Quant à Abbassi Madani, après avoir passé six ans de détention, il bénéficia d’une mise en liberté anticipée le 15 juillet 1997. Cependant, cette prétendue mise en liberté n’a duré qu’un mois et demi puisque, le 1er septembre 1997, il fut l’objet d’une décision d’assignation à résidence assortie d’une mesure privative de liberté. Il ne pouvait ni quitter les lieux ni s’exprimer, ni entrer en contact avec un avocat.
Il était privé des moyens de communications ainsi que des visites à l’exception des membres de sa famille. Le lieu d’assignation à résidence était gardé en permanence par les agents de la sécurité militaire.
6-Avis du groupe de travail de l’ONU :
Lors de la 58e session des droits de l’Homme de l’ONU, le groupe de travail sur la détention arbitraire a estimé que la détention de Abbassi Madani et Ali Benhadj est arbitraire, allant à l’encontre des articles 9 et 10 de la Déclaration universelle des droits de l’homme et des articles 9 et 14 du Pacte International relatif aux droits civils et politiques. Il demande en conséquences au pouvoir algérien de les libérer. Demande à laquelle ce dernier n’a jamais donné suite.

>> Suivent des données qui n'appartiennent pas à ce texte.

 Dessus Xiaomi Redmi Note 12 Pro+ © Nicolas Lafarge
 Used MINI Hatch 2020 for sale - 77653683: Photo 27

En ce qui concerne le cas de Abbassi Madani, le groupe de travail a estimé que sa privation de liberté, tant celle résultant de son arrestation du 30 juin 1991 et sa condamnation par jugement du tribunal militaire du 15 juillet 1992, que celle résultant de la mesure d’assignation à résidence du 1er septembre 1997, ont un caractère arbitraire. Cet arbitraire est lié à l’exercice de ses droits politiques, et son inculpation d’atteinte à la sûreté de l’Etat a aussi un caractère strictement politique car, selon le groupe de travail de l’ONU, aucun fait précis pouvant recevoir une qualification pénale n’a pu être établi par l’accusation.
Il est aussi constaté, précise le groupe onusien, qu’aucun fondement juridique de la loi interne algérienne n’existe pour son assignation à résidence par les autorités.
Cette situation montre le peu de souci que se fait le pouvoir algérien des questions des droits de l’homme en particulier et du respect des lois en général. Il s’agit en l’occurrence de prisonniers d’opinion qui ont été l’objet d’une détention arbitraire de longue durée, accompagnée d’atteintes graves à leur intégrité physique, à leur liberté d’opinion et d’expression ainsi qu’ à leur dignité humaine.
Cet arbitraire prendra légalement fin le 30 juin 2003. Cependant, à l’approche des élections présidentielles, les calculs politiques peuvent donner lieu à des manœuvres allant à l’encontre du respect de la loi et des principes des droits de l’homme. Si nous faisons appel à toute personne éprise de justice, aux défenseurs des droits de l’homme, aux organisations humanitaires et à toute conscience humaine, c’est justement pour prévenir d’éventuelles manœuvres susceptibles de retarder ou de conditionner une libération marquant la fin d’une détention manifestement arbitraire, de surcroît parvenue à son terme maximal.